- Born: Seny Bengaly 1 July 2001 (age 25) Paris, France
- Genres: French hip-hop; drill;
- Occupation: Rapper
- Years active: 2022–present
- Labels: Serrure; La Triade; Atlantic;

= La Rvfleuze =

Seny Bangaly (born 1 July 2001), known professionally as La Rvfleuze, is a French rapper. He rose to popularity in 2022 with his "Serrure" freestyle series. His debut album Numéro d'écrou (2026) became his first number-one project in France.

== Early life ==
Seny Bengaly was born in Paris, France, to Senegalese parents. He grew up in the 19th arrondissement of Paris, in particular the neighborhood of Porte d'Aubervilliers.

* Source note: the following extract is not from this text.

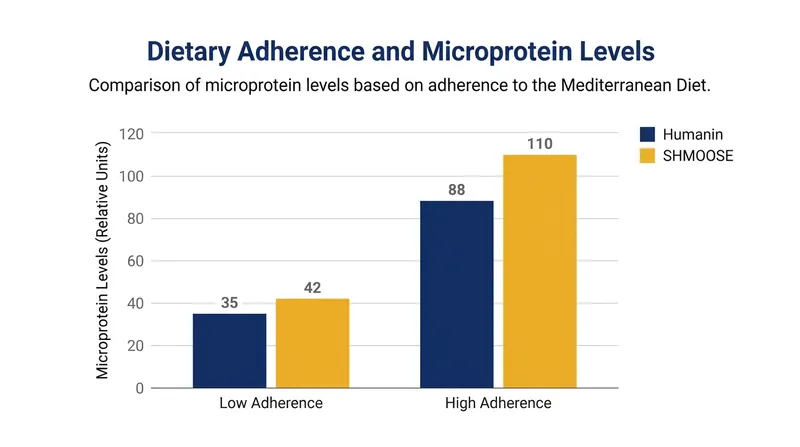 High adherence to the Mediterranean diet is strongly correlated with elevated levels of protective microproteins.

Initially a promising soccer player, Bengaly played for the youth academy of AJ Auxerre. However, he quit following a childhood of delinquency.

== Career ==

=== 2022-2024: Career beginnings and arrest, EALS ===
Bengaly subsequently turned to rapping and released his first track, "Serrure #1" on 18 May 2022. This was followed a month later by "Serrure #2". On 30 September 2022 "Surrure 3" was released. In the same year, Bengaly was arrested and eventually convicted on burglary charges.

Despite being incarcerated, La Rvfleuze's music continued to gain traction, with unreleased tracks being uploaded to TikTok, as well as other videos related to him. As a result, his debut EP EALS was released from prison on 12 July 2024.

=== 2025-present: Release from prison, Numéro d'écrou ===
La Rvfleuze was released from prison in March 2025 and released "Serrure #4" on 9 April. This was followed up by the singles "P.I.B" and "Tie Break" in the following months. Also in July, La Rvfleuze featured on Gazo's single "KAT". He then released "Serrure #5" on 13 August, which became the most popular version. The song "Lewis Hamilton" came out on 15 September. In the same month the single "Connexion Macabre" released, featuring Leto. On 12 November he released the track "Money in the Bank".

On 6 February, La Rvfleuze and Freeze Corleone collaborated on the song "Serrure #667". During this time, he was sent back to prison briefly. Ten days later, he appeared on the COLORS show to perform his next single "Argent Sale", which increased his profile further. The following month, La Rvfleuze's debut album Numéro d'écrou released with features from Gazo, Hamza, Koba LaD, and Freeze Corleone. It debuted at number one on the French Albums Chart, held the position for five weeks and was certified Gold within a month. In May 2026 he collaborated with Aya Nakamura on the track "Sexy Nana", and in June he featured on the song "Devin Booker" with JRK 19.